Let me get this out of the way. Repo! is not good. It’s a bad movie. One of the audience members around me said that it was introduced to him as “Soon to be the worst movie of the year”. This is probably unfair, given the scope of shit that Hollywood produces, but it is not a Little Shop of Horrors. It’s not a Buffy the Vampire Slayer. It’s not even a The Craft. But the director, who was there for the screening, came out and read one review that called it “A movie without an audience”. And that, given that it completely packed the Clinton theater, at 10pm on a Monday, is total bullshit.
Comparisons to The Rocky Horror Picture Show are as inevitable as they are correct. The same crowd that showed up for this could easily have been there for Rocky. Some of them may have been there the previous night FOR Rocky. Drama fags, chunky goth girls, guys with neckbeards and leather dusters, the crowd had them all in droves.
Visually, the movie was 100% on target. It looked like Bladerunner and the video for Closer had a baby and smeared it down with some drippings leftover from a Tokyo Gore Police set. Anthony Head’s Repo Man is a fantastic character concept, executed perfectly. Ditto Sarah Brightman’s “Blind Mag”, stunning concept, amazing makeup. I don’t even really need to go on, sufficed to say – if a movie could make me happy on visuals alone, this one would have done it.
Story. This movie had a linear story. There were no twists, no turns, no detours. Even twists and turns they had options on, they chose not to take. It was like a playground slide. Not the crazy spiral one, just that one made out of stamped tin that goes straight down and deposits you into the credits. The universe was painted very thin, presumably all of humanity only lives in this one town now. The whole setup was laid out in a storyboard (a beautifully drawn comic-book style storyboard I might mention) in the first four minutes. The ending doesn’t make much sense, nor should you particularly care about it. Evil characters stay uniformly evil.

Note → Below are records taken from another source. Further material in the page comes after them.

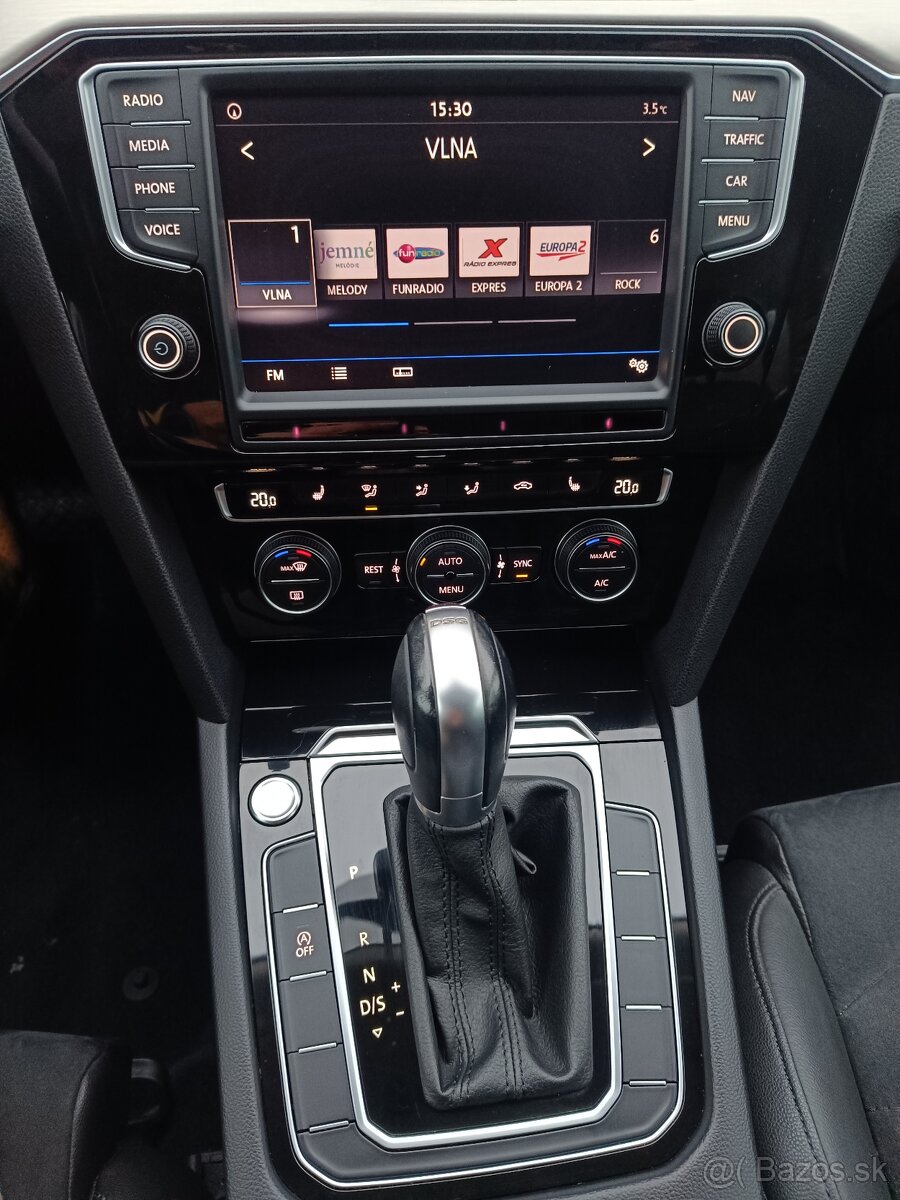 VW Passat Variant B8 2,0 TDi DSG 110 kW Highline r.v. 2016 - 13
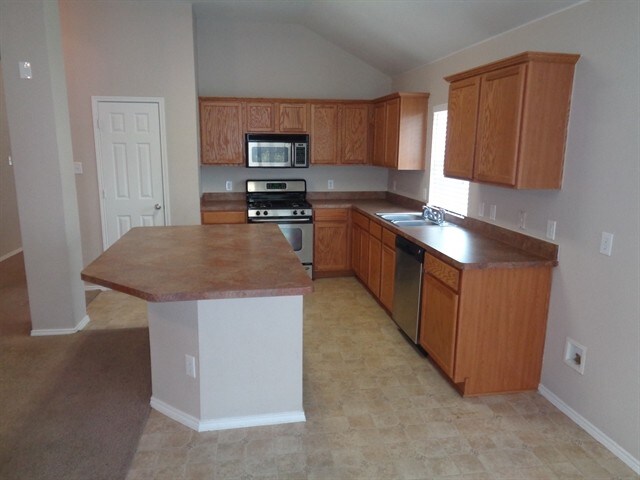 Building Photo - 401 Fireberry Dr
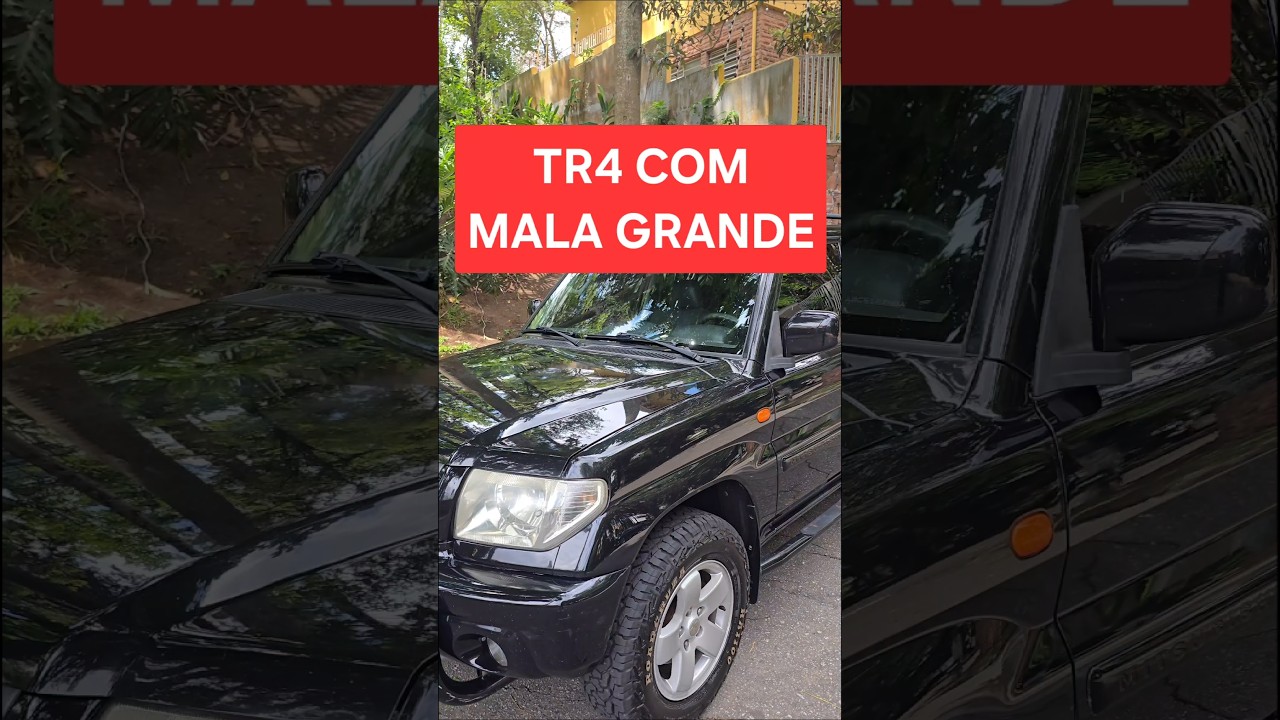 PAJERO TR4 TEM GRANDE PORTA-MALAS #shorts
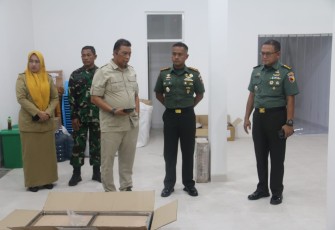 Dandim 0803/Madiun Letkol Kav Widhi Bayu Sudibyo saat kunjungan di SPPG Madiun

You find out that one of the “good” characters is evil about twelve seconds in. The most interesting character (Graverobber, played by Terrance Zdunich, who will win the Academy Award for “least likely name” this year) got panned by the camera three times and largely ignored. He was, of course, absolutely throw away as far as the plot was concerned, but I understand why they were loathe to leave him out, because you immediately wanted to know more. As a matter of fact, I think that the story might have been better had we followed HIM around instead of listening to Rotti Largo (how can you _not_ love Paul Sorvino) sing about his idiot children (I could not make out a single word that Pavi Largo/Nivek Ogre sang/said in the entire film, this will be addressed in the next section).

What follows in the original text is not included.